In the domain of process design, stakeholders pursue two interrelated yet potentially conflicting objectives: maximization of system performance and reduction of plant cost. The control architecture of a process not only determines the cost of the system, but also significantly influences its potential performance. Nevertheless, conventional processes for designing control architectures prioritize economic objectives while overlooking system performance. This paper introduces a systematic approach that integrates both these objectives simultaneously into the design of control architectures for oil and gas production systems. The method involves quantifying the trade-off between controllability, observability, and the cost associated with the control architecture.
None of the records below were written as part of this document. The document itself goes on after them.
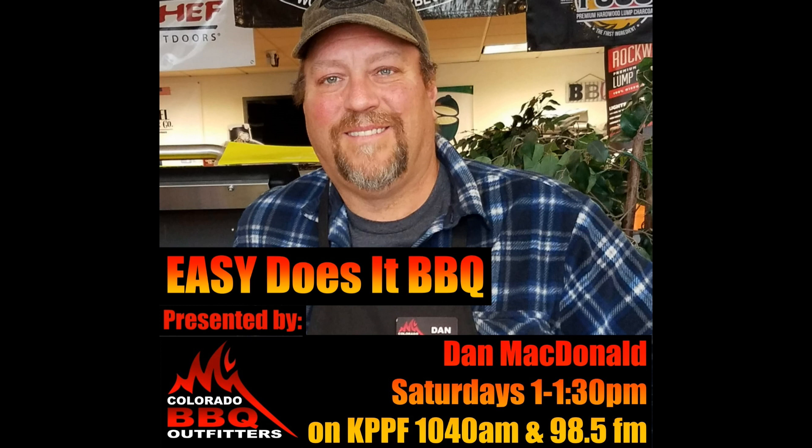Hi everyone, you're listening to the Easy Does It Barbecue Radio Show. My name is Dan McDonald, I'm the owner and operator of Colorado Barbecue Outfitters right here in Colorado Springs, located on the northeast corner of Vickers and Academy. Today's topic, we're going to talk about pulled pork, or more appropriately, pork shoulder — what it is, how to cook it, and all the different ways you can eat it.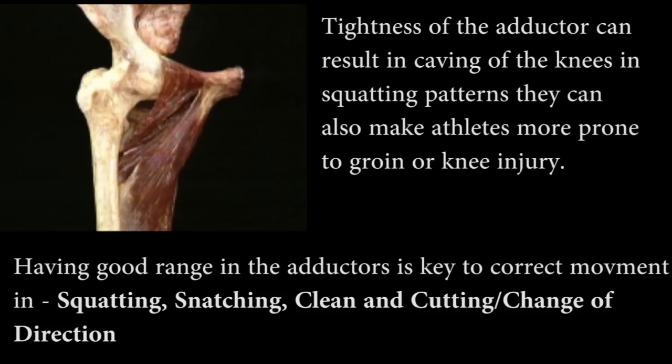Tightness within the adductors primarily causes knee caving in squat patterns, especially when you go to deep squats, and it can make any kind of field athlete more prone to groin or knee injury.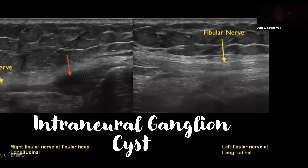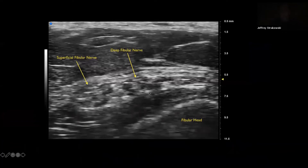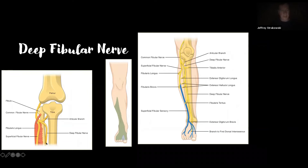Here's an example of an intraneural ganglion cyst — ganglion cysts can come from joints at the tibial fibular joint and into the articular branch, moving up into the fibular nerve and causing a neuropathy. This is one reason to always scan a nerve at this level if you don't have a good reason why they have a neuropathy there. This is the common fibular nerve on the good side by contrast. Getting into the branches — the deep fibular nerve fascicles tend to lead into the fibular tunnel and go quickly deep into the anterior compartment, while the superficial branch goes into the lateral compartment. The articular branch innervates the lateral portion of the tibial fibular joint.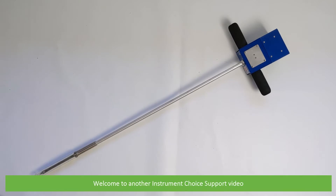Hi and welcome to another Instrument Choice support video. In this video we'll show you what comes in the box with the Aquator Soil Moisture Meter, the ICM350.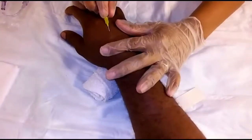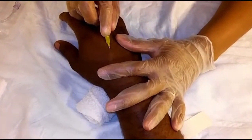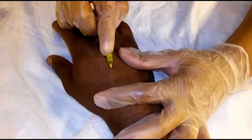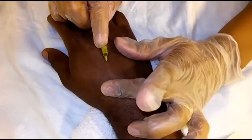Now you want to take the tourniquet off and advance the catheter into the vein. Make sure you place your finger here to apply pressure.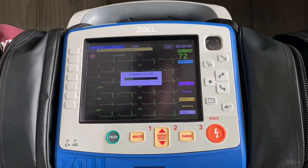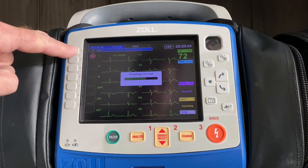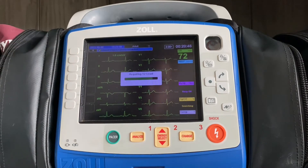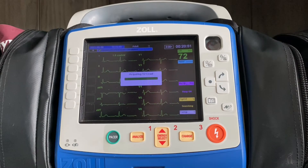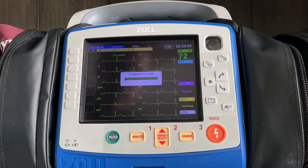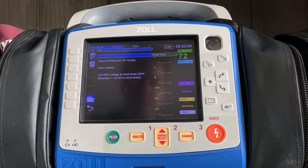Now, if you look at this screen and you say this does not look good, you can press the stop sign at any point, and that will stop the acquisition altogether so you don't have to wait for what you know is not going to be a good 12-lead to print out. The 12-lead will acquire, and then on the left-hand side of the screen it's going to provide your interpretive statement, and the 12-lead will start to print out.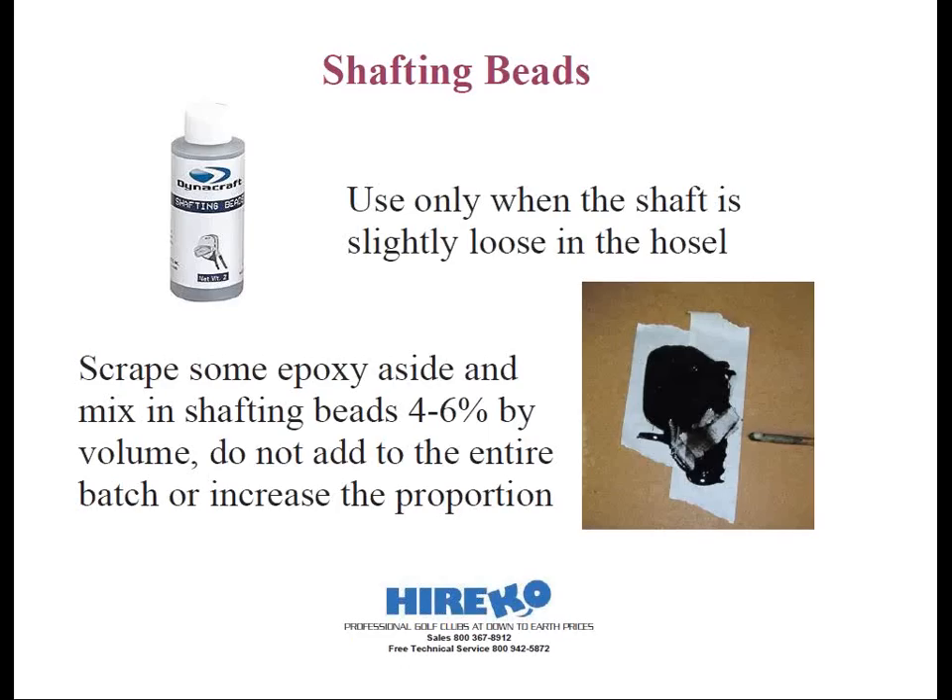You want to test fit each of the shafts into the appropriate club heads. If you're building multiple clubs at a time, note the number on the shaft with a Sharpie pen to identify which club it goes into. If one of the shafts is a little looser than the rest, you can solve this by using shafting beads or fine particles that act as fillers. Don't add shafting beads to the whole batch of epoxy, because some shafts might be tight and adding beads will make it worse. Just scrape some of the mixed epoxy aside and add a very small portion of shafting beads — in the order of 4% to 6% by volume, like a pinch. Too much, and you'll start to affect the strength of the epoxy.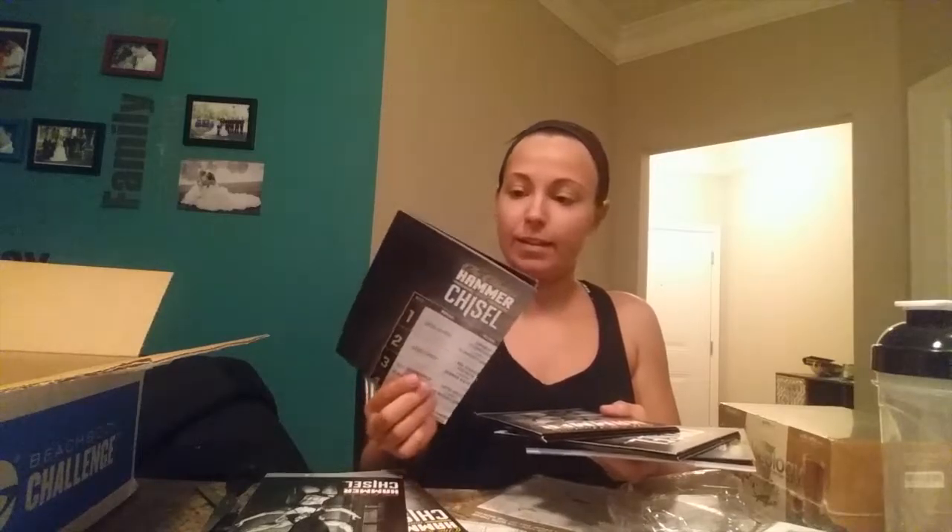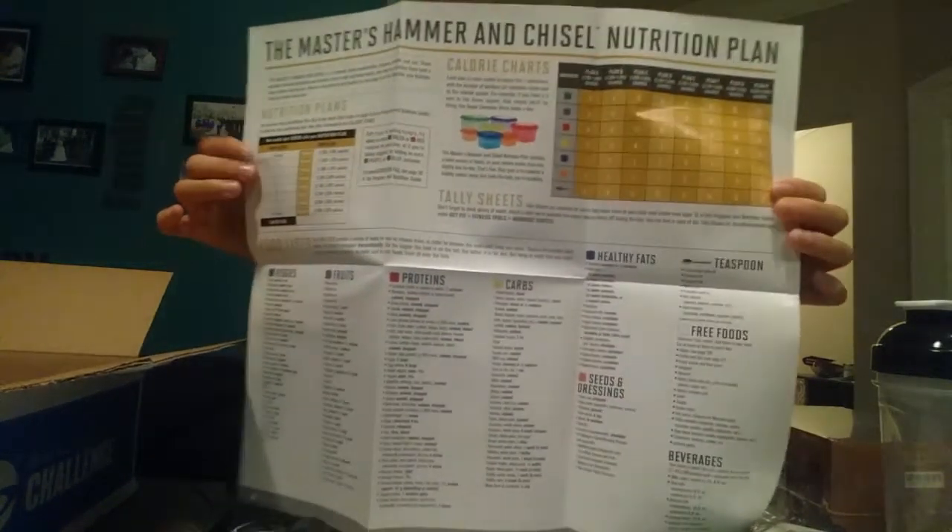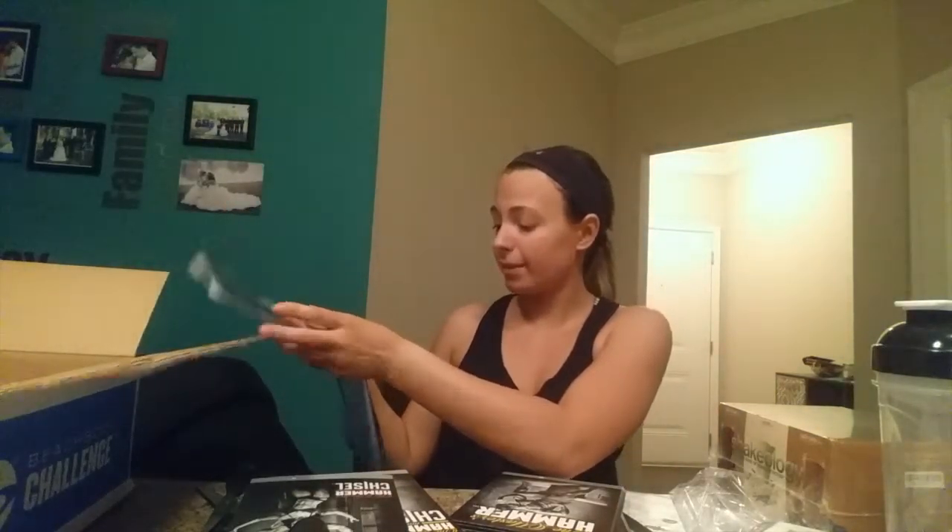Okay, so this is a quick start guide — I think I'm going to do the faster one. This is the calendar, which I think is really cool; I'm going to hang this up somewhere. There's a 30-day option — oh, that's pretty cool — and it tells you all about the containers, which is so awesome.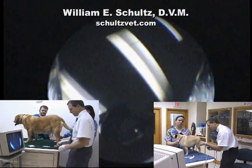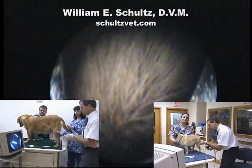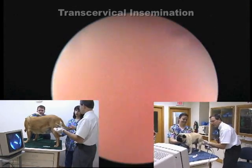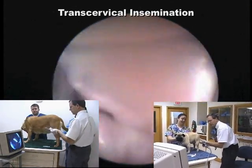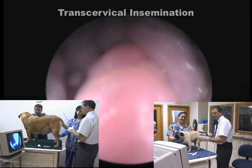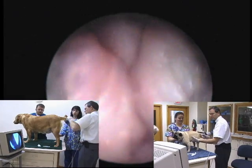In this video, we will be showing a large and small dog having a transcervical insemination. They're both short scopes. One is a rhinoscope that holds a 5 French catheter as a maximum size. The other scope is larger and will hold up to a 10 French catheter, but we typically use an 8 French.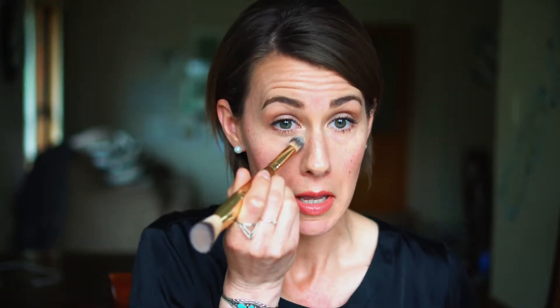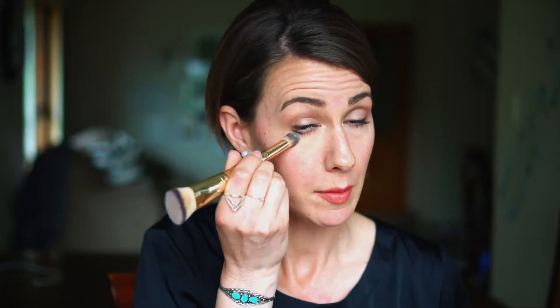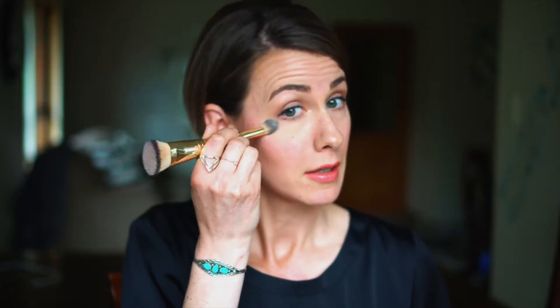I'm going to start by my under eye area. I like to pat it into my skin — not wiping, because it appears streaky when you do it that way. I'm patting nice and neatly under my eye because your under eye area is sensitive. Just gently applying a light layer and evening out that skin tone. I have dark circles under my eyes, so applying this Highlight color is evening out those dark spots and giving it a nice even coloring.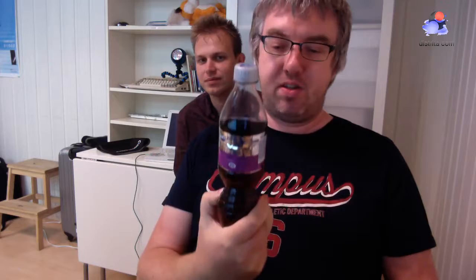The blackcurrant Fanta — which is Solbær in Norwegian — is quite good. I have a little bit of difficulty with the angles of the camera because I'm not so used to it. It's quite tasty.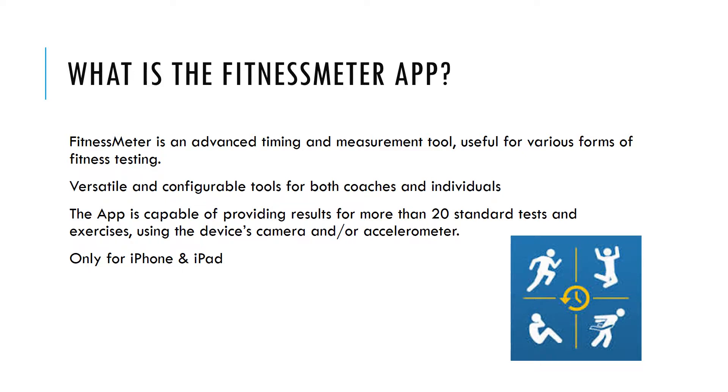The app is capable of providing results for more than 20 standard tests and exercises using the device's camera and accelerometer. However, the app is only available for iPhone and iPad users.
This quantification is posed as a multi-objective integer nonlinear programming problem, which is specified as a Pareto optimization problem. Solving this optimization problem yields a set of Pareto-optimal control architectures, enabling design engineers to explore optimal tradeoffs between cost and performance. The efficacy of the proposed procedure is demonstrated through a real-world oil field example. Pareto-optimal architectures for the oil field are found using the developed framework. Subsequent analysis of the results reveals the indispensability of physical sensors for certain variables and the importance of well-balanced sensor distributions among the different wells in the oil field. To assess the impact of different architectures on closed-loop control performance, linear quadratic Gaussian (LQG) controllers are designed. Comparisons are made between the performance of LQG control systems instantiated on the identified Pareto-optimal architectures and non-optimal alternatives. This comparison highlights the pivotal role of optimal architectures in simultaneously enhancing performance and minimizing costs.